Antes de “colocar IA” em um negócio, vale responder: os dados estão prontos para dizer a verdade? Se o estoque mente, o modelo também. Se o CRM tem três telefones diferentes para a mesma pessoa, o assistente vai alucinar com confiança.
Este artigo cobre pipelines de dados auditáveis para ecommerce, ERP e gateways de pagamento — sem prometer milagres, com métricas de negócio e privacidade desde o design.
Ordem recomendada
- Pergunta de negócio (“reduzir tickets de suporte”, “priorizar leads”).

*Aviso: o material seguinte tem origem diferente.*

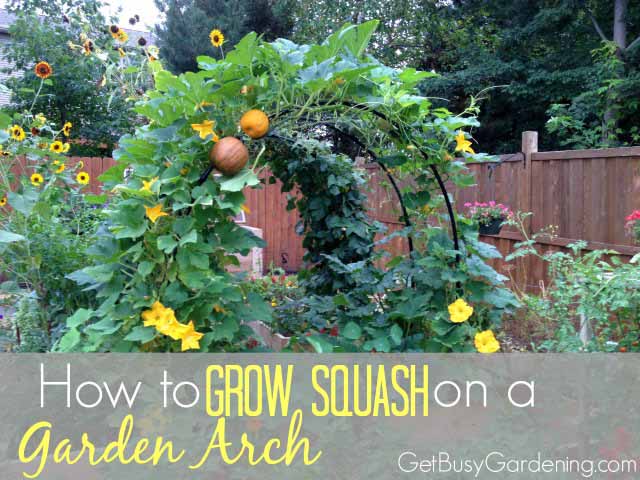 How do you plant squash?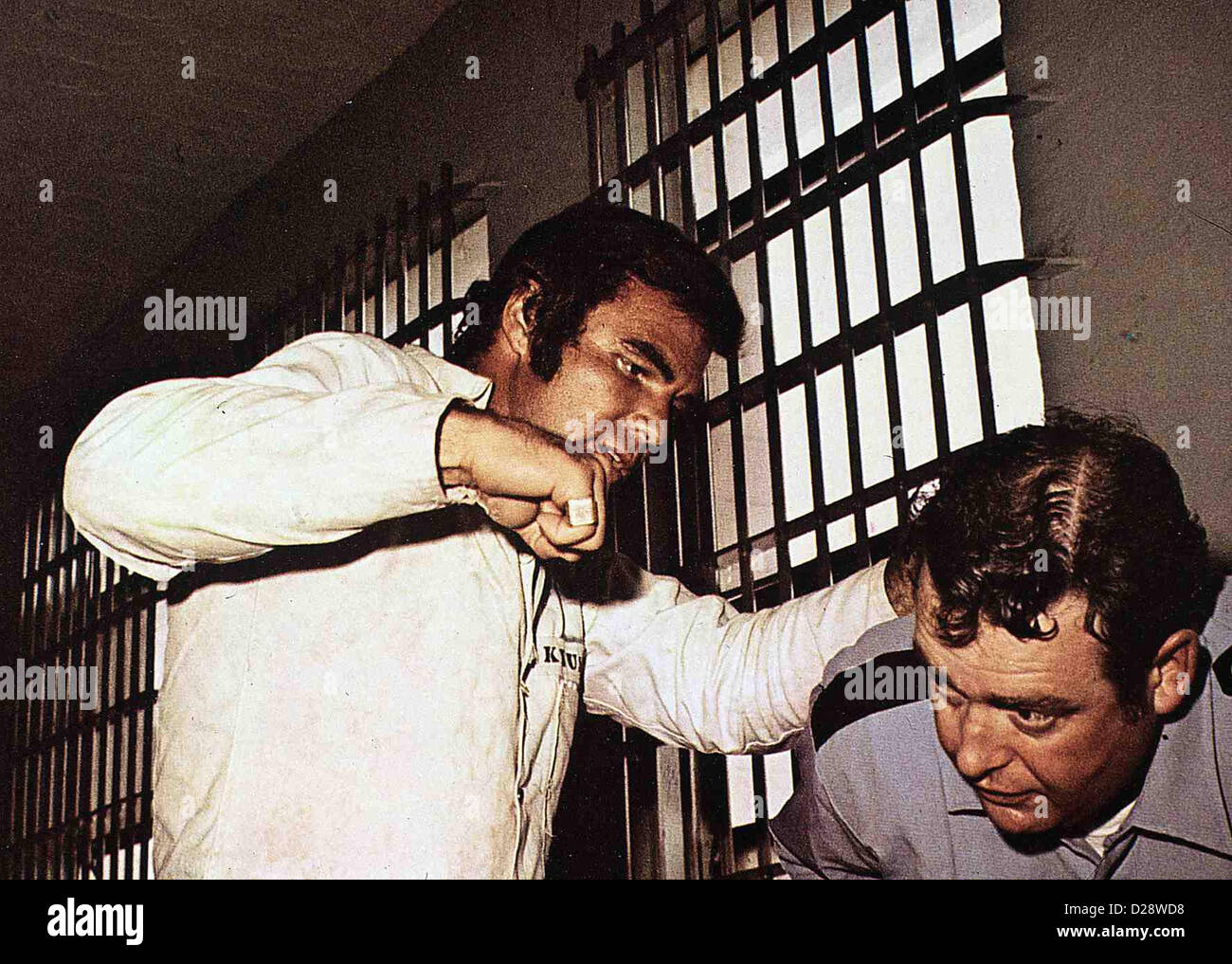 Der Tiger Hetzt Die Meute White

- Fonte de verdade (ERP, ecommerce, CRM).
- Qualidade e PII.
- Versionamento de datasets / exports.
- Modelo ou RAG pequeno e mensurável.
- Produto (API, painel, automação) + feedback humano.
Checklist de qualidade
- Duplicados e chaves naturais (o que identifica um cliente?).
- Nulos “silenciosos” (0 vs vazio vs
NULL). - Unidades e moedas (USD/PAB, impostos).
- Drift: o catálogo de seis meses atrás não é o de hoje.
- Estados de pagamento alinhados com o gateway, não com o que o front mostrou.
- Fusos horários consistentes em timestamps de pedido e webhook.
Padrão com Laravel como fonte
- Definir o evento ou entidade (pedido, lead, ticket) e seu contrato JSON/SQL.
- Expor leitura controlada por API ou réplica somente leitura.
- Jobs/filas para exports e ingestão (idempotentes).
- Tabelas ou arquivos versionados com data + git SHA do transform.
- Métricas de frescor: “quando o último pedido chegou ao warehouse?”.
WordPress / WooCommerce como fonte
- Pedidos + line items + meta: documentar quais meta keys importam.
- Usuários/clientes: deduplicar por email com regras explícitas.
- Multisite: decidir se a análise é por site ou consolidada.
- Conteúdo para RAG: páginas publicadas, slug estável, HTML limpo.
- Evitar scrape do front: REST/export/SQL com usuário somente leitura.
Privacidade
- Minimizar colunas (“precisamos do documento para este relatório?”).
- Separar ambientes; não copiar produção inteira para um laptop.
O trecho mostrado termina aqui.